Un libro della Società di Storia Patria per la Puglia di Lecce: Il Pci, l’Italia e il Salento nel centenario 1921-2021

di Gigi Montonato

Non poteva passare inosservato il centenario del Pci nel Salento. La Sezione di Lecce della Società di Storia Patria per la Puglia, presidente il prof. Mario Spedicato, docente di Storia Moderna presso l’Università del Salento, gli ha dedicato un volume, il “Quaderno de l’Idomeneo” n. 47, Il Pci, l’Italia e il Salento. Democrazia, diritti e lavoro nel “secolo breve”, a cura dello stesso Spedicato e di Salvatore Coppola (Giorgiani Editore, 2021, pp. 328). Raccoglie nove saggi, di Egidio Zacheo, Sebastian Mattei, Salvatore Coppola, Maurizio Nocera, Alessio Palumbo, Remigio Morelli, Salvatore Romeo, Antonio Bonatesta, Sandro Frisullo.
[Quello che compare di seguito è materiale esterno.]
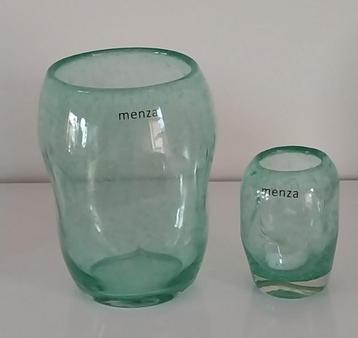 Mooie decoratieve vazen met deuken kleur zacht aqua beschikbaar voor biedingen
Alcuni di essi nella loro vita hanno unito la militanza alla ricerca, attori e testimoni insieme, che, lungi dall’inficiare l’attendibilità dei loro assunti, al netto di comprensibili “appartenenze”, l’arricchiscono con atmosfere ed esperienze vissute. E’ un libro che non può essere ricondotto a sintesi per la differenza dei temi, dei tempi e degli approcci.
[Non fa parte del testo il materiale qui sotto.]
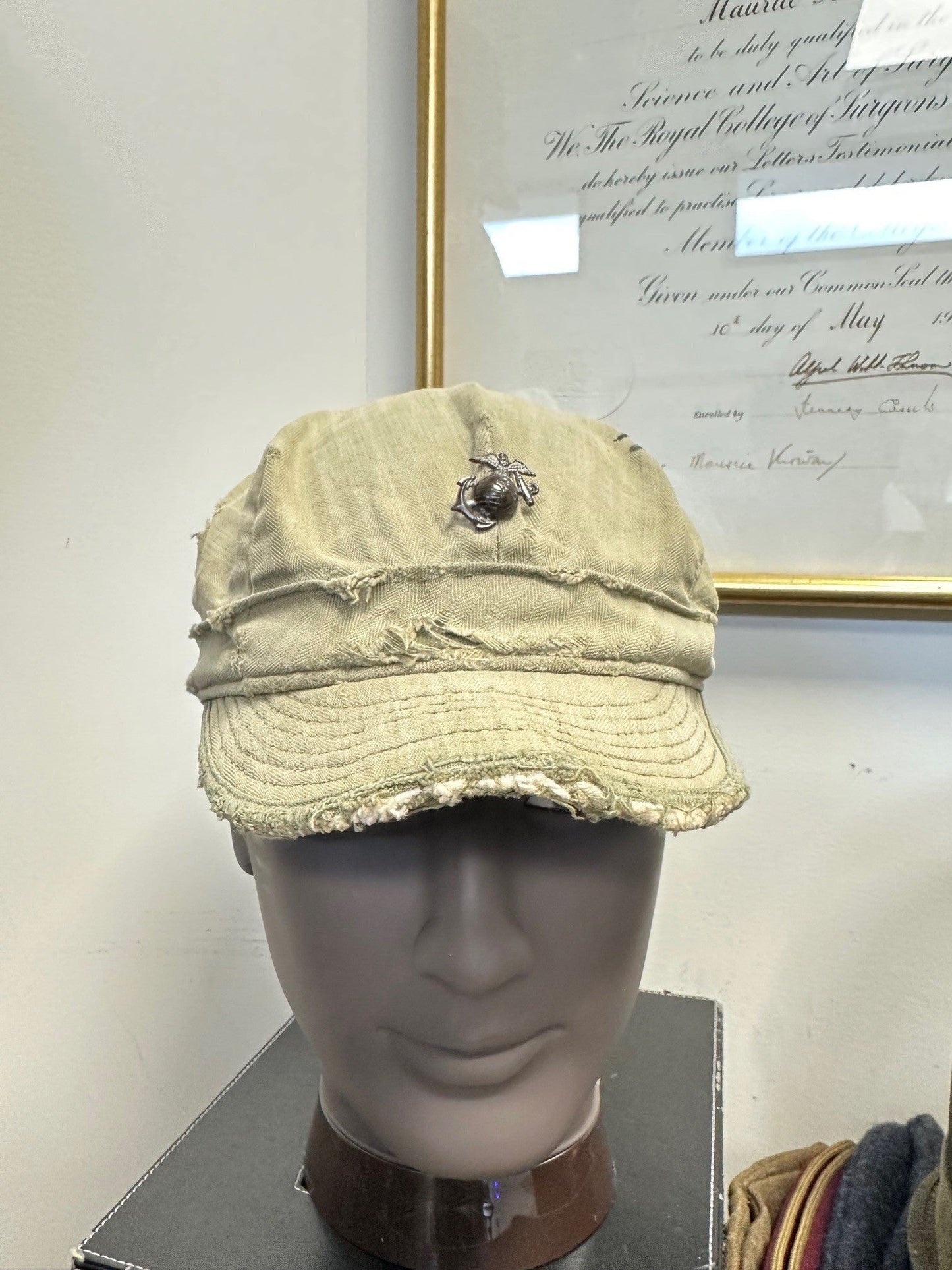 US USMC WW2 Cotton HBT Field Cap with Printed EGA, Vintage Original, Nice Condition. tropical with Metal EGA Insignia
Egidio Zacheo (Il Pci e l’Italia), docente di Dottrine Politiche, formatosi con Umberto Cerroni all’Università di Lecce, più volte sindaco di Campi Salentina, si occupa del Pci nella sua dimensione nazionale. La sua posizione è rigorosamente ortodossa, individuando nella togliattiana Svolta di Salerno, nella gramsciana Unità e nel berlingueriano Compromesso Storico la riproposizione della stessa visione strategica nel continuismo della conquista democratica del potere. “La rivoluzione a cui pensa il Pci – scrive – è di riuscire dove tutti gli altri hanno fallito: costruire uno Stato davvero unitario e un paese davvero unito” (p. 16). Un percorso che non può non passare tra “contraddizioni e incertezze” (p. 9) e cessa con la morte di Berlinguer, quando “il PCI subisce un vero e proprio collasso culturale” (p. 21). “I suoi successori – osserva Zacheo – si rivelano inadatti a portare avanti una eredità tanto impegnativa e «raffinata»”.  Il partito cessa di essere perfino “comunista” con la svolta della Bolognina nel 1991, coincidente il settantesimo anniversario della nascita. Quella svolta, conclude Zacheo, “per la tradizione comunista rappresentava una vera discontinuità” (p. 21).